No fue hasta mucho tiempo después cuando conocí la existencia de Tenzing Norgay. Y es que aunque Edmund Hillary es comúnmente conocido como el primer hombre que conquistó el Everest, nunca habría sido capaz de llegar a la cima sin el señor Norgay. Para aquellos que no están familiarizados con esta primera escalada histórica, Tenzing Norgay era el sherpa de sir Edmund Hillary.
Siempre que llego a la sección de agradecimientos de un libro, pienso a menudo en Tenzing Norgay, el héroe no reconocido de la escalada de Hillary.
Al igual que sir Edmund, yo, como autor de este libro, seré el que reciba prácticamente todo el reconocimiento por cualquiera que sea el logro intrínseco de estas páginas. Sin embargo, por el camino he tenido un montón de Tenzing Norgay personales para aconsejarme, guiarme, levantarme el ánimo y cargar con mi equipaje (tanto físico como emocional). Han estado ahí para ayudarme a continuar, para inspirarme y para recordarme que no debía mirar a la imponente cumbre, sino a mis propios pies. A medida que yo iba dando un paso tras otro, ellos han ido abriéndome el camino.
La cuestión es que tengo que darle las gracias a un buen número de personas.
En el primer puesto de esa lista se encuentran mi hija Alexis, por mantenerme siempre alerta, y mi madre, Martha Rodgers, por mantenerme siempre con los pies en el suelo. Dentro de la amplia familia Castle, me gustaría dar las gracias especialmente a la adorable Jennifer Alien, siempre mi primera lectora, y a Terri E. Miller, mi cómplice de delito. Ojalá que usted, querido lector, tenga la suerte de conocer a mujeres como ellas.
Debo agradecer, a regañadientes, a Gina Cowel y al grupo de la editorial Black Pawn, cuyas amenazas de emprender acciones legales me inspiraron en principio para coger lápiz y papel. Y también a la maravillosa gente de Hyperion Books, especialmente a Will Balliett, Gretchen Youn y Elizabeth Sabo.

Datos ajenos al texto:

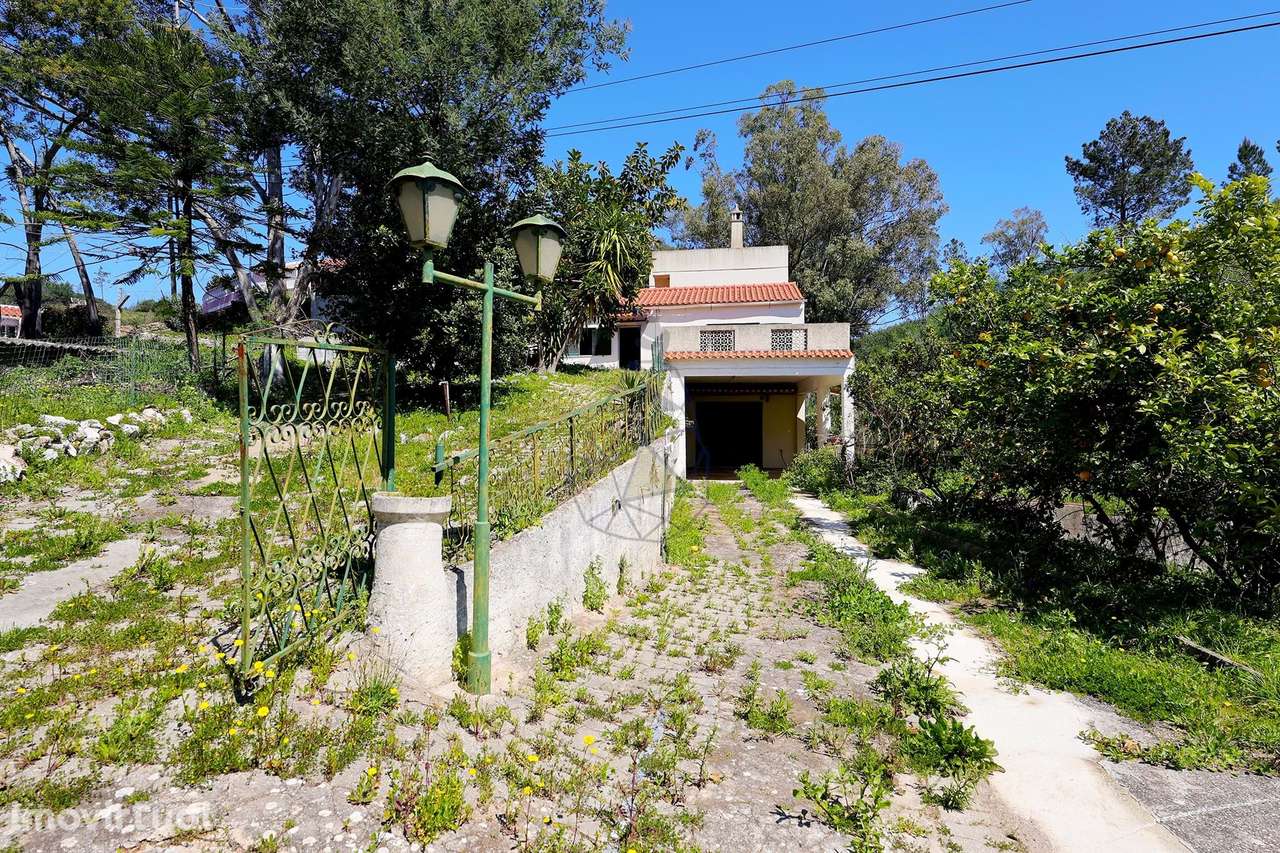 Moradia T4 + 1  com bastante potencial situada em Monchique - Grande imagem: 3/60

Me gustaría mostrar mi agradecimiento a mi agente, Sloan Harris de ICM, y recordarle que este libro es un exitazo que espero que haga que él mejore considerablemente mi contrato.
Estoy en deuda con Melissa Harling-Walendy y Liz Dickler en el desarrollo de este proyecto, además de con mis queridos amigos Nathan, Stanna, Jon, Seamus, Susan, Molly, Rubén y Tamala. Ojalá que nuestros días, duren lo que duren, continúen llenos de risas y gracia.
Y, finalmente, a mis dos más leales y devotos sherpas, Tom y Andrew, gracias por el viaje. Ahora que hemos llegado a la cima, en vuestra compañía me siento capaz de tocar las estrellas.